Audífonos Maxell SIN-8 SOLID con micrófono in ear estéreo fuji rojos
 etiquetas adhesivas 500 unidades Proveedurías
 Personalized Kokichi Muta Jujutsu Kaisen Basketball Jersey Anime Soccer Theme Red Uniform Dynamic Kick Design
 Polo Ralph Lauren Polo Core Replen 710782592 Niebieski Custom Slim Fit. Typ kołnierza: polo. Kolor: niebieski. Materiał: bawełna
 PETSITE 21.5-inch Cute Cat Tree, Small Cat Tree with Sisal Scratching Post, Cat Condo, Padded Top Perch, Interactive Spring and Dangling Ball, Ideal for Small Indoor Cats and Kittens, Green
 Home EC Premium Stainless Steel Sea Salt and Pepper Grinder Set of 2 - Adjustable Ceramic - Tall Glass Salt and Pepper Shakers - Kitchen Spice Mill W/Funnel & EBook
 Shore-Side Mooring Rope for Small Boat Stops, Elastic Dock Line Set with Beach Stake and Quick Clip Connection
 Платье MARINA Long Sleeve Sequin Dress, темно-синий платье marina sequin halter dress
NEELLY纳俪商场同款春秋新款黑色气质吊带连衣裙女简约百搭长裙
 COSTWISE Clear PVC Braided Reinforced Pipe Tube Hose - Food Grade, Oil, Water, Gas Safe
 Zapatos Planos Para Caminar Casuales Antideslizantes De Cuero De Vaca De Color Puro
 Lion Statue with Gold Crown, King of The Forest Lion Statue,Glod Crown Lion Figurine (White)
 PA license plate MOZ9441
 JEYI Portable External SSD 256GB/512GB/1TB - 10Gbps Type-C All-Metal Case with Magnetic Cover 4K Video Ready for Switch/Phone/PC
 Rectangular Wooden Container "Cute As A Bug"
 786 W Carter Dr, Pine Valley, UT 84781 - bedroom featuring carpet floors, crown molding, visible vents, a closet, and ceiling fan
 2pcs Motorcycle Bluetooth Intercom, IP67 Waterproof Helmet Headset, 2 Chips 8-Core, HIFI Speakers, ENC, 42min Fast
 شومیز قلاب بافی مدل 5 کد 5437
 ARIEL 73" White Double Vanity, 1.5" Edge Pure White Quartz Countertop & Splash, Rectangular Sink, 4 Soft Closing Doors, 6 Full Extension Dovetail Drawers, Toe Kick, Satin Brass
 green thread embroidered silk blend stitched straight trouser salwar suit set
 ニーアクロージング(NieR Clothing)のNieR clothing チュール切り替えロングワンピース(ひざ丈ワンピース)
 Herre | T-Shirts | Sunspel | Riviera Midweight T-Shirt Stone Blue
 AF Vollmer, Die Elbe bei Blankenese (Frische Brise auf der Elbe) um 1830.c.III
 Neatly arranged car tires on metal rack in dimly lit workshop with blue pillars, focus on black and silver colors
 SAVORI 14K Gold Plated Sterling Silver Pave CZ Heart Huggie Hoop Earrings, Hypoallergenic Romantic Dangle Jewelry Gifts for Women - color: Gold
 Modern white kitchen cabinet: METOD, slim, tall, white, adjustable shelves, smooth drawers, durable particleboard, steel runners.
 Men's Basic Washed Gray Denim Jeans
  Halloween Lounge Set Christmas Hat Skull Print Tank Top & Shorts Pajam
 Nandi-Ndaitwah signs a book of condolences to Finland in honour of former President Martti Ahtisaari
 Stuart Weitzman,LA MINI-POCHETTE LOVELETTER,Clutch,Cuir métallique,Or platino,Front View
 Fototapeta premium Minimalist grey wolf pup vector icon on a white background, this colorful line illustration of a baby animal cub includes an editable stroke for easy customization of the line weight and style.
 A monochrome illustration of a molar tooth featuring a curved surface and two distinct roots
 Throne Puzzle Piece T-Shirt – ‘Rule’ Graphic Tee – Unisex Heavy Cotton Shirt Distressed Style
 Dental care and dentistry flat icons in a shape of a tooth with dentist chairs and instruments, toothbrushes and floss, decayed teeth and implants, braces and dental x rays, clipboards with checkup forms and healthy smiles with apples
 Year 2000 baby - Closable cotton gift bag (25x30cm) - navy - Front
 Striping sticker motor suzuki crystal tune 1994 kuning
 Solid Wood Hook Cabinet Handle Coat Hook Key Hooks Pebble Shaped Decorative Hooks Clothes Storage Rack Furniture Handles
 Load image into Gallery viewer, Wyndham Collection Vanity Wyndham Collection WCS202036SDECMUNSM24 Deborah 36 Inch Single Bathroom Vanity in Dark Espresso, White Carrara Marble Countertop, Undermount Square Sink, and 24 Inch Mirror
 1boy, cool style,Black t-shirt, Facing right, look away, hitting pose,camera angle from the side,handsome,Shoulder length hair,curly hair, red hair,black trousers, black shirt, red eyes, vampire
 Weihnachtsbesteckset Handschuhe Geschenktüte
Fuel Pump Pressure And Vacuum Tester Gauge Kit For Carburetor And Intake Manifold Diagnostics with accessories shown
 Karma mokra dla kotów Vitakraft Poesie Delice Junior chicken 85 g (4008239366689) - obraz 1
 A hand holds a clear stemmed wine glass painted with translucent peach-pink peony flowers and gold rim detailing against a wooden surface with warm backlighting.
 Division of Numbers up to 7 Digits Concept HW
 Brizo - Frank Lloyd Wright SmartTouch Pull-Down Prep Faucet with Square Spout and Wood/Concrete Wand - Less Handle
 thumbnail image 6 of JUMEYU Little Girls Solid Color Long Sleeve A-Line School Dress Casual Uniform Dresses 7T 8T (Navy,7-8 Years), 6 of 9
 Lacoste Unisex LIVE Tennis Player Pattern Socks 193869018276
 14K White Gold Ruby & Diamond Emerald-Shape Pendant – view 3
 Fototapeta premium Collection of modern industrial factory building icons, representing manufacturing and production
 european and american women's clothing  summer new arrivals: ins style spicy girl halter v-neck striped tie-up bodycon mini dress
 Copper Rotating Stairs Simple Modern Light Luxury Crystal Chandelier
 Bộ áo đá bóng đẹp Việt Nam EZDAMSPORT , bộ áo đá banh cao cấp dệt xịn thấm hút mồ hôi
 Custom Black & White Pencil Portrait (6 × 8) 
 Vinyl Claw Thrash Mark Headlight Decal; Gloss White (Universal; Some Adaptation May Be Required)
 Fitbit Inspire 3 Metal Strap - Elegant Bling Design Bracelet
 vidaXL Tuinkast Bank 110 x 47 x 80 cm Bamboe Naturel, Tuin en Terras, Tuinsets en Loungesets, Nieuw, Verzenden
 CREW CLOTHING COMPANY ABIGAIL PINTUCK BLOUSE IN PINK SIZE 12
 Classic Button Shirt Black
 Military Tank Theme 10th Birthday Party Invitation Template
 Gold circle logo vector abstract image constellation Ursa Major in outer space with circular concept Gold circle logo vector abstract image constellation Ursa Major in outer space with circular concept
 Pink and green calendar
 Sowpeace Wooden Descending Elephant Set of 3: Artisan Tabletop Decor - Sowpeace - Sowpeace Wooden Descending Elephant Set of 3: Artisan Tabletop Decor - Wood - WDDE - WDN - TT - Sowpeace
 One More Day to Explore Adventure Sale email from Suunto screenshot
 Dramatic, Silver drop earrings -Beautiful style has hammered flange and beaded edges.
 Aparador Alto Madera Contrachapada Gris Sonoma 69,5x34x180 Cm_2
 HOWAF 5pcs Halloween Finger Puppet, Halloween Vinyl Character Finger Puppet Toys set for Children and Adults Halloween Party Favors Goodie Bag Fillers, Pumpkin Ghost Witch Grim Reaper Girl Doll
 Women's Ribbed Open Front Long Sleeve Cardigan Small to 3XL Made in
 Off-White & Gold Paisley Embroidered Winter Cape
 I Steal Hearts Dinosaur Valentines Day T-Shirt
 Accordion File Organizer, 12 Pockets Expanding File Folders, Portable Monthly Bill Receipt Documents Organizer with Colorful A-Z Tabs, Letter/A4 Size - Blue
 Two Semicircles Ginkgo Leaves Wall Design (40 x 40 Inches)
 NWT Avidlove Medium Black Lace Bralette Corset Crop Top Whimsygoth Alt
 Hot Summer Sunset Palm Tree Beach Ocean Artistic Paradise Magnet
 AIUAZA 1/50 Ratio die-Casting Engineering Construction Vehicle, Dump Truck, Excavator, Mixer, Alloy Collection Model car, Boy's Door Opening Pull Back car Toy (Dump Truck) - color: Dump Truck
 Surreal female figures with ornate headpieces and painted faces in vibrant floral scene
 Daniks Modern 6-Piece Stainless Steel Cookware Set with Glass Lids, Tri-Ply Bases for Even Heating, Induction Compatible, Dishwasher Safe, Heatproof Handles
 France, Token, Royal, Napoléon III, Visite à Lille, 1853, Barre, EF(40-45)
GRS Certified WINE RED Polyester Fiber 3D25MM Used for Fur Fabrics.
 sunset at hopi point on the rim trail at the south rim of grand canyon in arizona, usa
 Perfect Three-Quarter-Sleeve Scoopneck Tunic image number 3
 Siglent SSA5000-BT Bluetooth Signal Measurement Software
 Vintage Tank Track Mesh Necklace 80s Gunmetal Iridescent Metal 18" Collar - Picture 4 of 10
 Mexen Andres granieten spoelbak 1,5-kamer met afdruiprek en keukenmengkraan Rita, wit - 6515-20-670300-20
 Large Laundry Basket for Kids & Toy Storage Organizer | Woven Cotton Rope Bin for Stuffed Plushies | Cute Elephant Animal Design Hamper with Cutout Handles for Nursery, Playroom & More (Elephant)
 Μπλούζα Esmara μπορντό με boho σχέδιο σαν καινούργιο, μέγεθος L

__EXERCISE BRIEF__: Each line with "Long" in it must be identified and copied from the material.

__WRITTEN SOLUTION__:
 Платье MARINA Long Sleeve Sequin Dress, темно-синий платье marina sequin halter dress
 thumbnail image 6 of JUMEYU Little Girls Solid Color Long Sleeve A-Line School Dress Casual Uniform Dresses 7T 8T (Navy,7-8 Years), 6 of 9
 Women's Ribbed Open Front Long Sleeve Cardigan Small to 3XL Made in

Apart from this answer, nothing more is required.